§ **TASK INSTRUCTIONS**: Only the text of the entries below should be returned, exactly as given, without pictures.

§ **EXCERPTED DATA**:
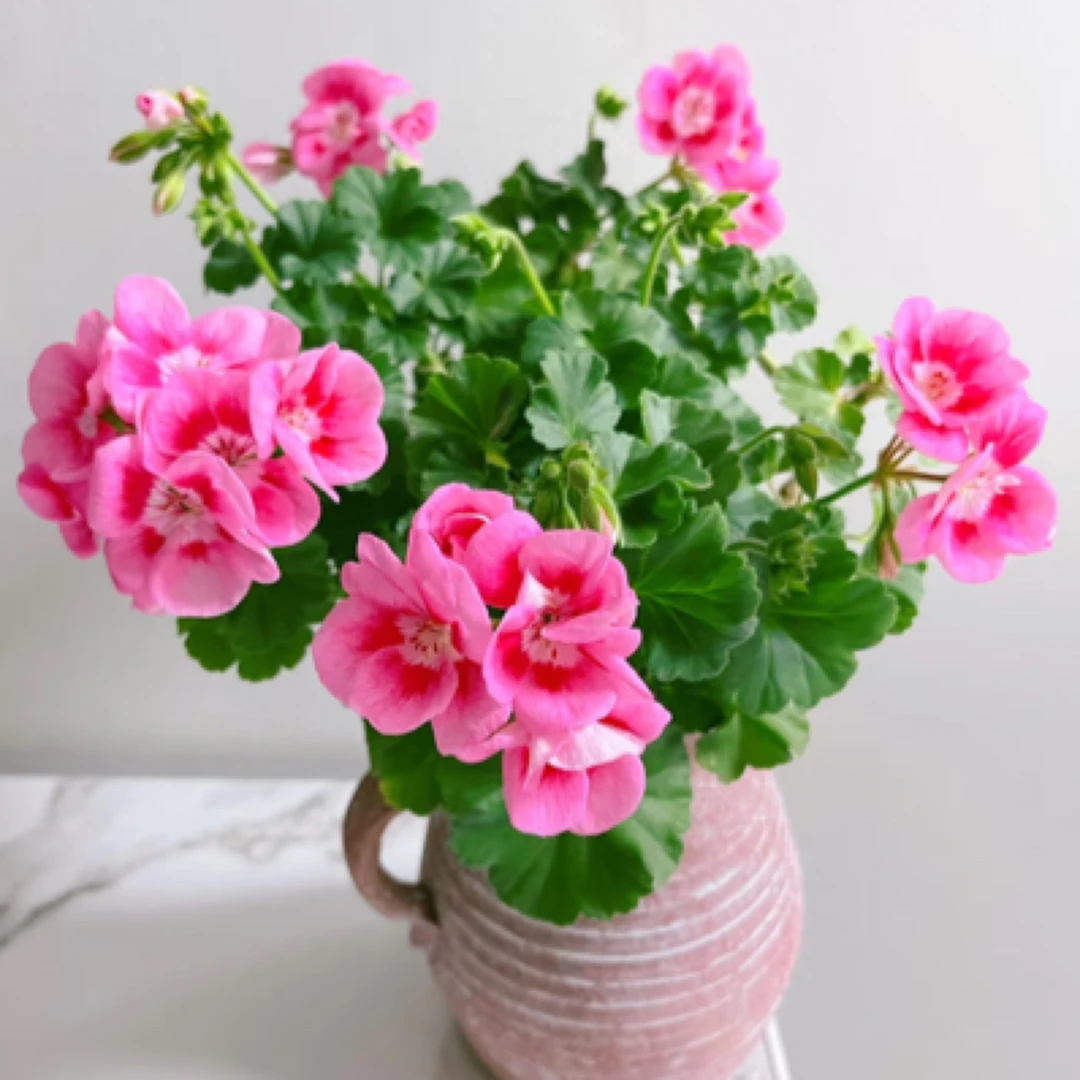 【 桃花】直立天竺葵 飞溅系列 中苗（带花苞 包对版 ）带货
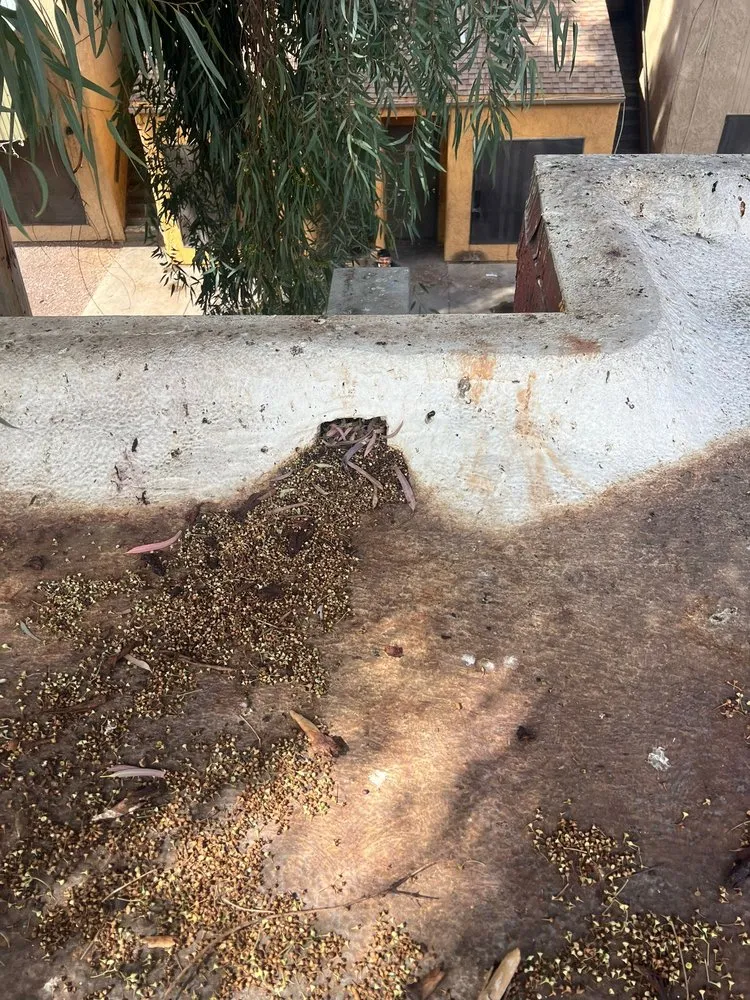 Slide of Collins Roofing Service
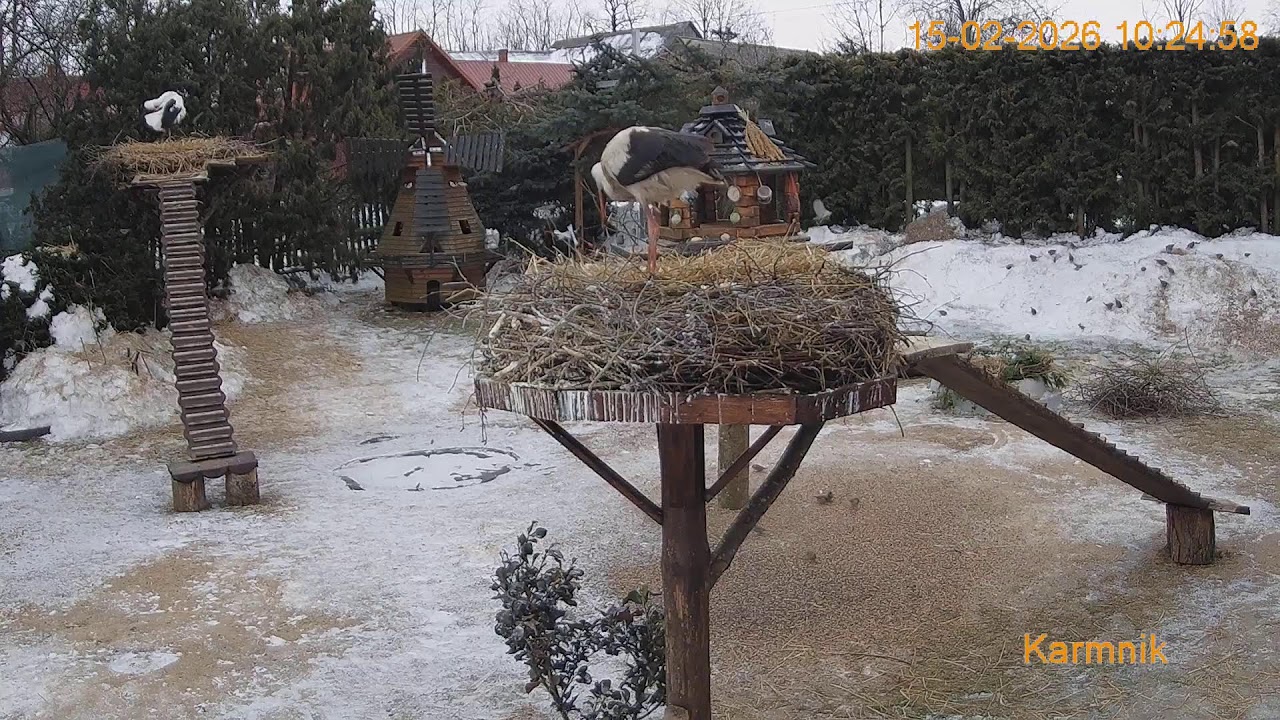 Gniazdo Bocianie pod Sokółką - na żywo.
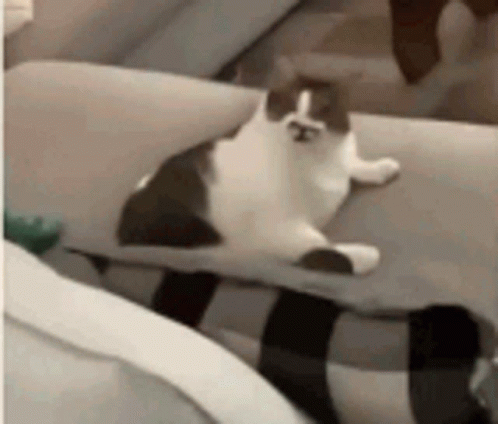 Aggressive Cat Licking Itself GIF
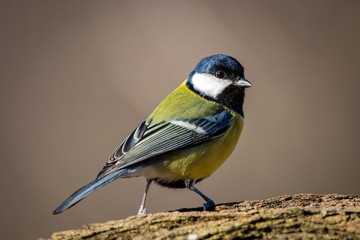 Great Tit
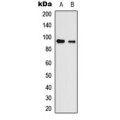 LifeSab™ Neuroligin 3 Rabbit pAb (50 µl)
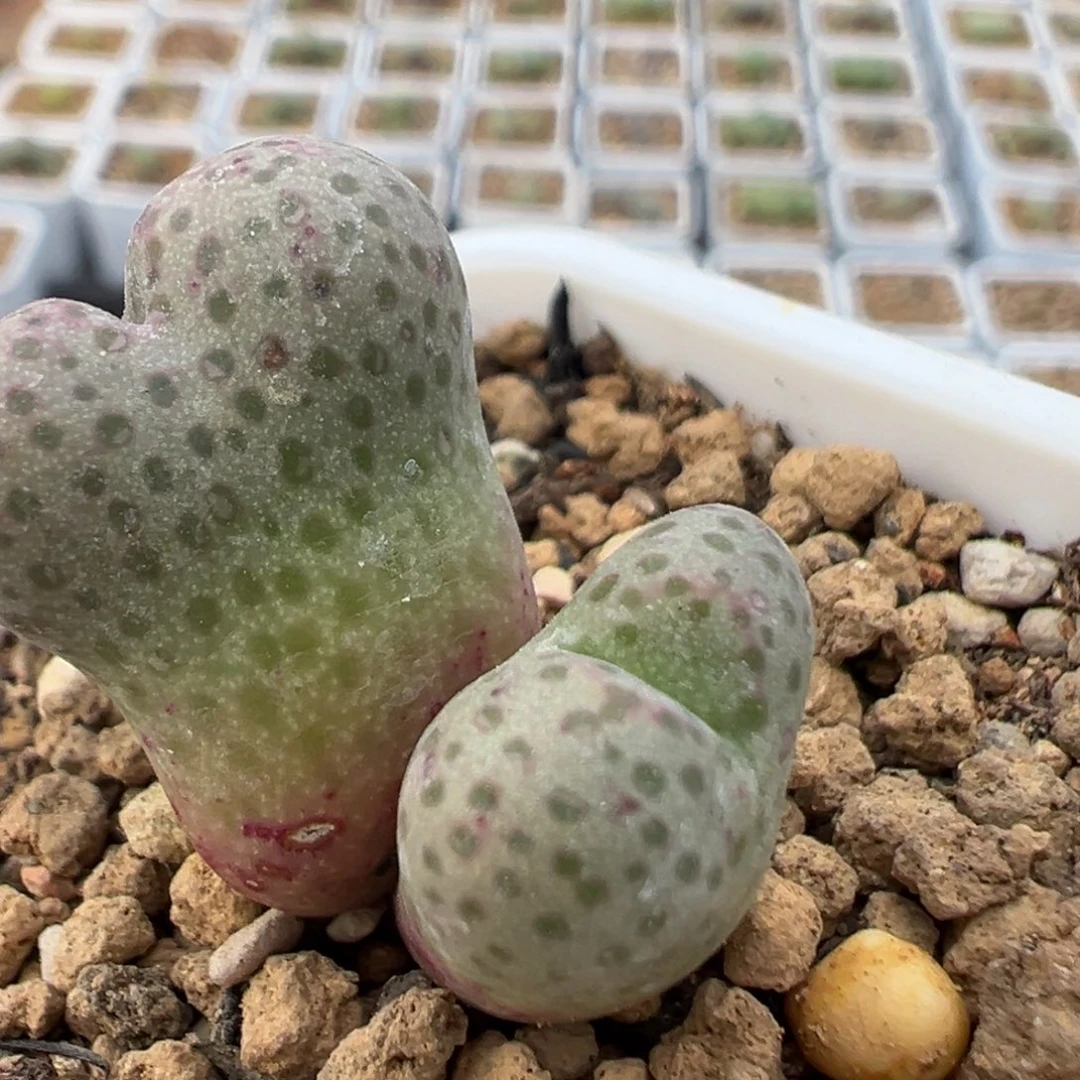 比*不36多肉植物百科知识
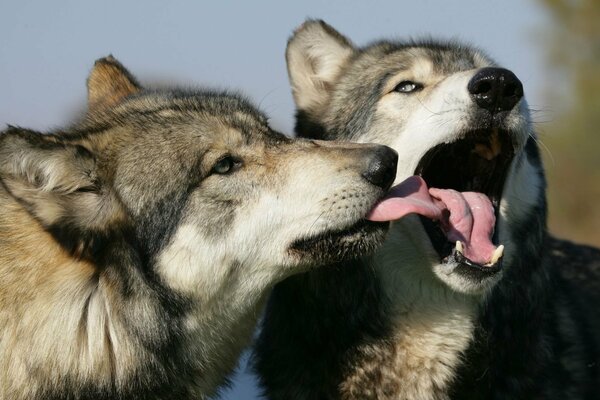 Zärtlichkeit und Sorgfalt des Wolfes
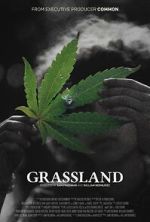 Watch Grassland Soap2day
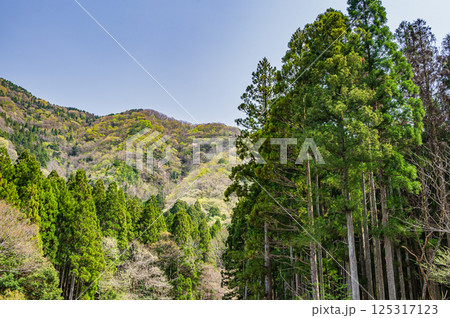 滋賀県湖北地方新緑の山林風景 長浜市 滋賀県湖北地方新緑の山林風景 長浜市 125317123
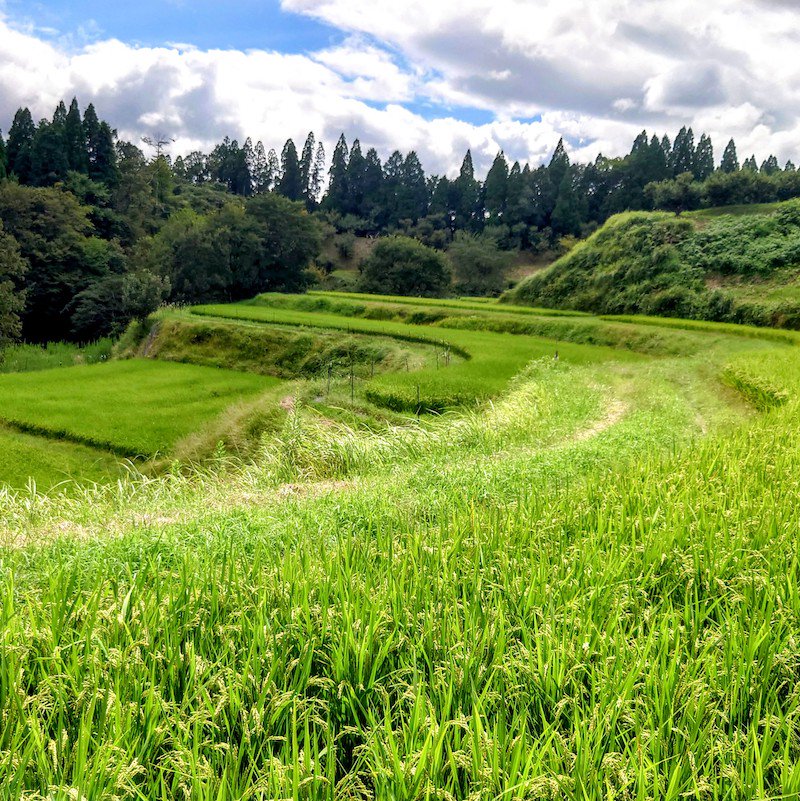 【熊本・山都町産｜農家直送】冷めても美味しい「山間地米」ヒノヒカリ＜白米・10kg＞ えと菜園オンラインショップ　自然栽培や有機栽培の商品をお届け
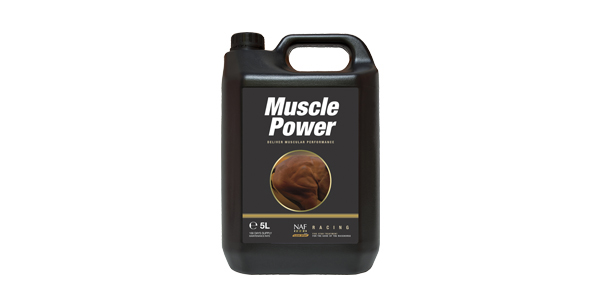 Muscle Power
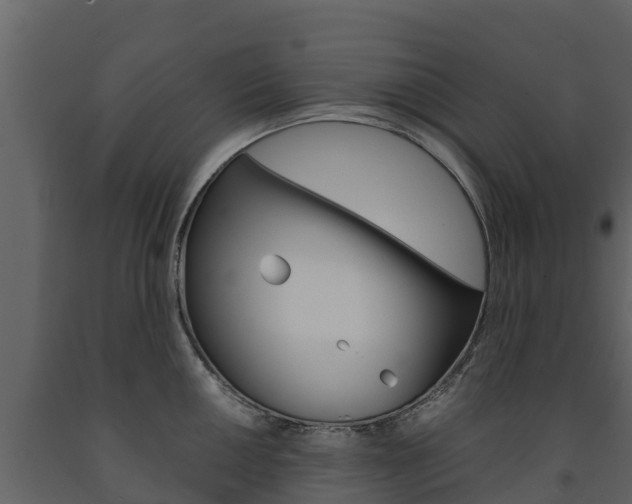 X0000091711050200708240952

§ **EXERCISE RESPONSE**:
 【 桃花】直立天竺葵 飞溅系列 中苗（带花苞 包对版 ）带货
 Slide of Collins Roofing Service
 Gniazdo Bocianie pod Sokółką - na żywo.
 Aggressive Cat Licking Itself GIF
 Great Tit
 LifeSab™ Neuroligin 3 Rabbit pAb (50 µl)
 比*不36多肉植物百科知识
 Zärtlichkeit und Sorgfalt des Wolfes
 Watch Grassland Soap2day
 滋賀県湖北地方新緑の山林風景 長浜市 滋賀県湖北地方新緑の山林風景 長浜市 125317123
 【熊本・山都町産｜農家直送】冷めても美味しい「山間地米」ヒノヒカリ＜白米・10kg＞ えと菜園オンラインショップ　自然栽培や有機栽培の商品をお届け
 Muscle Power
 X0000091711050200708240952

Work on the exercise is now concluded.